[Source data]
-----
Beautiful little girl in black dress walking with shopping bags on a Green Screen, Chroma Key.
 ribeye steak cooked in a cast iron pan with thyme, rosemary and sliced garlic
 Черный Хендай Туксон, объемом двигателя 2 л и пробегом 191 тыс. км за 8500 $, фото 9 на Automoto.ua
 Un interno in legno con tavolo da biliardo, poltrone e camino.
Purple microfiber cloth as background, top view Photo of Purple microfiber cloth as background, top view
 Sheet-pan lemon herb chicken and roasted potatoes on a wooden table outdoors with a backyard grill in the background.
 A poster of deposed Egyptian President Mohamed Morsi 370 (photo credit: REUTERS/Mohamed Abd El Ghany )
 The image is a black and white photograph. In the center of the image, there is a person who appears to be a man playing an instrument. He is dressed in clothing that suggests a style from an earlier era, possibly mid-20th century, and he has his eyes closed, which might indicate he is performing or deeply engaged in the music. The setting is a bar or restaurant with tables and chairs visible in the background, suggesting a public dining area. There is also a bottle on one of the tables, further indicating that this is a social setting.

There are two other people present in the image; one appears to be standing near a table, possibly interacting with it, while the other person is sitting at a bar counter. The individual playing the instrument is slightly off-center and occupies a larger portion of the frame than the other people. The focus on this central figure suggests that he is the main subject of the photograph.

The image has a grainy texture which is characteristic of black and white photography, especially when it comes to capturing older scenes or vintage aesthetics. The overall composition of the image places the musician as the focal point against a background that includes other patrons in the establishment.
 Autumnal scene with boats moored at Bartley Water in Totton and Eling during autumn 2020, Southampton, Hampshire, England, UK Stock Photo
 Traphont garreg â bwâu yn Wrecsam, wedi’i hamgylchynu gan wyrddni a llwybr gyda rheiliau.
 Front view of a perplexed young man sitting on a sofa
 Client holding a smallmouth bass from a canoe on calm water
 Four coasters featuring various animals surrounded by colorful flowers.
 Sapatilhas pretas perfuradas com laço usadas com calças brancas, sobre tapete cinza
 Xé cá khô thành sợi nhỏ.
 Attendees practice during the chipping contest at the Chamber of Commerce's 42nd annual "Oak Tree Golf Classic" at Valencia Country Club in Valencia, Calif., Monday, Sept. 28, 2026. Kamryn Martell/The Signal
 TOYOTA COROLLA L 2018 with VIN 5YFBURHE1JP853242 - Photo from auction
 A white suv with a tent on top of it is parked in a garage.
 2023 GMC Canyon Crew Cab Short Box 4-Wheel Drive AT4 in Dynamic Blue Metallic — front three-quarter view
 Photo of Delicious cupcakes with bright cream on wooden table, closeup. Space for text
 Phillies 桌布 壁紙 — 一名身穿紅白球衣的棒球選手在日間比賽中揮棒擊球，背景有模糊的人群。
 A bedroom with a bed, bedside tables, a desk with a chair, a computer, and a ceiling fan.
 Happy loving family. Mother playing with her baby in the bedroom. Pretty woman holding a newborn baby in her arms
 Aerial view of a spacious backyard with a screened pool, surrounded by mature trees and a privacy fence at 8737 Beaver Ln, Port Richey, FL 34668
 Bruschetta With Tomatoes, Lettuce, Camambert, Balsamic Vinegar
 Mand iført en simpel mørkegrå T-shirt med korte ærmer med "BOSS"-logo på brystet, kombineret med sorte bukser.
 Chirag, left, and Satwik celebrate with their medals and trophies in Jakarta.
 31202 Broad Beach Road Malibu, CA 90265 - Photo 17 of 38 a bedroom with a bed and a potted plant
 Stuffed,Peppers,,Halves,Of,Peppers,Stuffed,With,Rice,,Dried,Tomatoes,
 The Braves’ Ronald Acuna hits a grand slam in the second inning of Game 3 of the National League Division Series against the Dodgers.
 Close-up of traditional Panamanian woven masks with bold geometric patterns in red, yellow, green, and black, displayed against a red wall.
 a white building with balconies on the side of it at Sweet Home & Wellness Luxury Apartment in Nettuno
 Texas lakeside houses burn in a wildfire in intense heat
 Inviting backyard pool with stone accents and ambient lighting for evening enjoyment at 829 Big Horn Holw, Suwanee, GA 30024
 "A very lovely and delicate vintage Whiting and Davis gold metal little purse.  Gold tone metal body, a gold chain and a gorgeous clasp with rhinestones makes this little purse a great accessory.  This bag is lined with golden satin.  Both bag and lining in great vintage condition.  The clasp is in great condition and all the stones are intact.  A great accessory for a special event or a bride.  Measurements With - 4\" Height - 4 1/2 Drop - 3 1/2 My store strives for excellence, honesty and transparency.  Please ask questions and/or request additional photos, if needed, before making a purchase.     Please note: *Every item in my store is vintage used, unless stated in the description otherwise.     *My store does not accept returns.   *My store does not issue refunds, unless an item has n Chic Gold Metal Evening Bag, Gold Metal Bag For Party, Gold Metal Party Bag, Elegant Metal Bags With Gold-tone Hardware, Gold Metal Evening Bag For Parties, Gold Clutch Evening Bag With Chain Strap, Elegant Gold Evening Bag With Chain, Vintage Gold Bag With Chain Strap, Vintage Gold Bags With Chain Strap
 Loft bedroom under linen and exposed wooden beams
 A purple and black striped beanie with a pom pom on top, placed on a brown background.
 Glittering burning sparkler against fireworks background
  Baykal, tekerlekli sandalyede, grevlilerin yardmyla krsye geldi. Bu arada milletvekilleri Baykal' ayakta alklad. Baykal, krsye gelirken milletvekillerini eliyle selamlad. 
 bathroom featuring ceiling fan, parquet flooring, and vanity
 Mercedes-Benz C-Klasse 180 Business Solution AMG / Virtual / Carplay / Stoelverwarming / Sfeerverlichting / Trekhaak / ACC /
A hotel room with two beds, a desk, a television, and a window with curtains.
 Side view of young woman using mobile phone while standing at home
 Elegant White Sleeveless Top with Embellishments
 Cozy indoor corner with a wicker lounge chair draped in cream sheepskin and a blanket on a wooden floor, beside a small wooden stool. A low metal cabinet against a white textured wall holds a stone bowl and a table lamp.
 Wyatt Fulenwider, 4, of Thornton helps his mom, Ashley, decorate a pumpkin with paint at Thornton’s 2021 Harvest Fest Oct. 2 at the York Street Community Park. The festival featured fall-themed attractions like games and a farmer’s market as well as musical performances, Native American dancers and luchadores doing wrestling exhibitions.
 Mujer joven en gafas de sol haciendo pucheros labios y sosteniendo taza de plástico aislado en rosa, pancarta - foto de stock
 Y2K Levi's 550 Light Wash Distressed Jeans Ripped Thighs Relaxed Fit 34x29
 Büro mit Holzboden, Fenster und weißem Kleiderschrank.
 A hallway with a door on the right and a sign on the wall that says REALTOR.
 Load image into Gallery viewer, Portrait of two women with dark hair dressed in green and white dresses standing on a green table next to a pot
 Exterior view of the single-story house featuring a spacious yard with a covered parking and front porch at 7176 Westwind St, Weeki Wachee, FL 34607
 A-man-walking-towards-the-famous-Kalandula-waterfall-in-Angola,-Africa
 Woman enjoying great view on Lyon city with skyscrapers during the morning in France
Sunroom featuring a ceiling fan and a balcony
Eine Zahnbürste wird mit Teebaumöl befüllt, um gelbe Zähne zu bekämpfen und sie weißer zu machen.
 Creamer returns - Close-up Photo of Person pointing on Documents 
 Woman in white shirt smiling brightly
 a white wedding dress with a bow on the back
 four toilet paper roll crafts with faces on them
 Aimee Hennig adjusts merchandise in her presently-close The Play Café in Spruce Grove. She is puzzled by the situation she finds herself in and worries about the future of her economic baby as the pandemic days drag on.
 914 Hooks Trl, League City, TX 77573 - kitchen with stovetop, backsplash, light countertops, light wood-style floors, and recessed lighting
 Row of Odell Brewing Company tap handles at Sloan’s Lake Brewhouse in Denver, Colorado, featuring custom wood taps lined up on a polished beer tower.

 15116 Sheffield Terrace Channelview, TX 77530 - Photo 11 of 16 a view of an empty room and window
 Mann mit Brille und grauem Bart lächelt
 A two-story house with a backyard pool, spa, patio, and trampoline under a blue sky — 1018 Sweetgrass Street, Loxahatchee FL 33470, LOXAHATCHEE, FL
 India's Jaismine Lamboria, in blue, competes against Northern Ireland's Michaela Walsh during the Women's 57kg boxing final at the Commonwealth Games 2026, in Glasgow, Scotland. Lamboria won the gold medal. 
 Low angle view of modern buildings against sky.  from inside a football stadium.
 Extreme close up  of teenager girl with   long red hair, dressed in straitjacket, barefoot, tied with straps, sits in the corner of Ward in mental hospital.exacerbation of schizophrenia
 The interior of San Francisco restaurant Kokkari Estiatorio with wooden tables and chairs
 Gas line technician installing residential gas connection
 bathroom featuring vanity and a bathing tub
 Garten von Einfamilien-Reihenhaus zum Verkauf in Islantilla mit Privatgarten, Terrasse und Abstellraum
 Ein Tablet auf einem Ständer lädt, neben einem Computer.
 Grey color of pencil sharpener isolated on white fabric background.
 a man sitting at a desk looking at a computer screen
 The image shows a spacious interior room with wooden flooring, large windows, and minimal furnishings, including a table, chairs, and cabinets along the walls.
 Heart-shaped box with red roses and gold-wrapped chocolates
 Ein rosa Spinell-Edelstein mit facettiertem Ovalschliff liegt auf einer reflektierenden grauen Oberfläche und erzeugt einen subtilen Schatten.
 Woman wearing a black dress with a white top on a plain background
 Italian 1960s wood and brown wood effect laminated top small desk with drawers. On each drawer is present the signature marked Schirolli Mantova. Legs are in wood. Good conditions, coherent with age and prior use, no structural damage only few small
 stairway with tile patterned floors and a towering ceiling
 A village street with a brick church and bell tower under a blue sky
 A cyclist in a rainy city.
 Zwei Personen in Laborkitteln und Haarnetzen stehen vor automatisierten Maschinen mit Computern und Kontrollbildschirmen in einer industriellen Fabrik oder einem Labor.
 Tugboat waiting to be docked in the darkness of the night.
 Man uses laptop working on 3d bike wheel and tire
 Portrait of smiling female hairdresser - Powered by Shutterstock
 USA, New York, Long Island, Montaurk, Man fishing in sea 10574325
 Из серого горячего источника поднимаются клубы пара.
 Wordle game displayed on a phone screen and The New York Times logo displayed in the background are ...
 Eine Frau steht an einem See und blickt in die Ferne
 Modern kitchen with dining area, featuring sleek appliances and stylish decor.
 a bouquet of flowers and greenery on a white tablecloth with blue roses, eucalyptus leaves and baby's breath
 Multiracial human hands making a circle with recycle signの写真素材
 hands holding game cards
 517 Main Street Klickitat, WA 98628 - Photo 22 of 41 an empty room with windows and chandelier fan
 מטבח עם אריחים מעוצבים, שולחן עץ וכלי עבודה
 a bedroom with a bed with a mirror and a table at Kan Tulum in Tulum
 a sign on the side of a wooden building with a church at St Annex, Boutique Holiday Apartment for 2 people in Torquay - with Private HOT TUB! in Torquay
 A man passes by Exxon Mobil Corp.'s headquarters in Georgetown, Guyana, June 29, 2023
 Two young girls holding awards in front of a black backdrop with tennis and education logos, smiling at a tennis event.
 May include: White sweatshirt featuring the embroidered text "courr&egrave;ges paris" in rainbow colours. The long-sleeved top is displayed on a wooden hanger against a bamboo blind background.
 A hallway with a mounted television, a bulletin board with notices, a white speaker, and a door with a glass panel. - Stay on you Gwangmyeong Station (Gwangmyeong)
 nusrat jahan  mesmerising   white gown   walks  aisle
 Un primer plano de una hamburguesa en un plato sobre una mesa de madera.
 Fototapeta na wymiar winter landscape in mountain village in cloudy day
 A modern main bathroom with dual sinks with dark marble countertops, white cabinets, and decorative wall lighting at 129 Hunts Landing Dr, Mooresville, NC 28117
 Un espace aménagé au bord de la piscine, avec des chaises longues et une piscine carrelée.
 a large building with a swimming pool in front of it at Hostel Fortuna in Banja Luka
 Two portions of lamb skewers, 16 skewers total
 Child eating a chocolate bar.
-----
→ **What you need to do**: Take the records above and return, word for word, only the lines that fall from the line with "a bouquet of" to the line with "Two young girls", both of them included.

→ **Solved exercise**:
 a bouquet of flowers and greenery on a white tablecloth with blue roses, eucalyptus leaves and baby's breath
 Multiracial human hands making a circle with recycle signの写真素材
 hands holding game cards
 517 Main Street Klickitat, WA 98628 - Photo 22 of 41 an empty room with windows and chandelier fan
 מטבח עם אריחים מעוצבים, שולחן עץ וכלי עבודה
 a bedroom with a bed with a mirror and a table at Kan Tulum in Tulum
 a sign on the side of a wooden building with a church at St Annex, Boutique Holiday Apartment for 2 people in Torquay - with Private HOT TUB! in Torquay
 A man passes by Exxon Mobil Corp.'s headquarters in Georgetown, Guyana, June 29, 2023
 Two young girls holding awards in front of a black backdrop with tennis and education logos, smiling at a tennis event.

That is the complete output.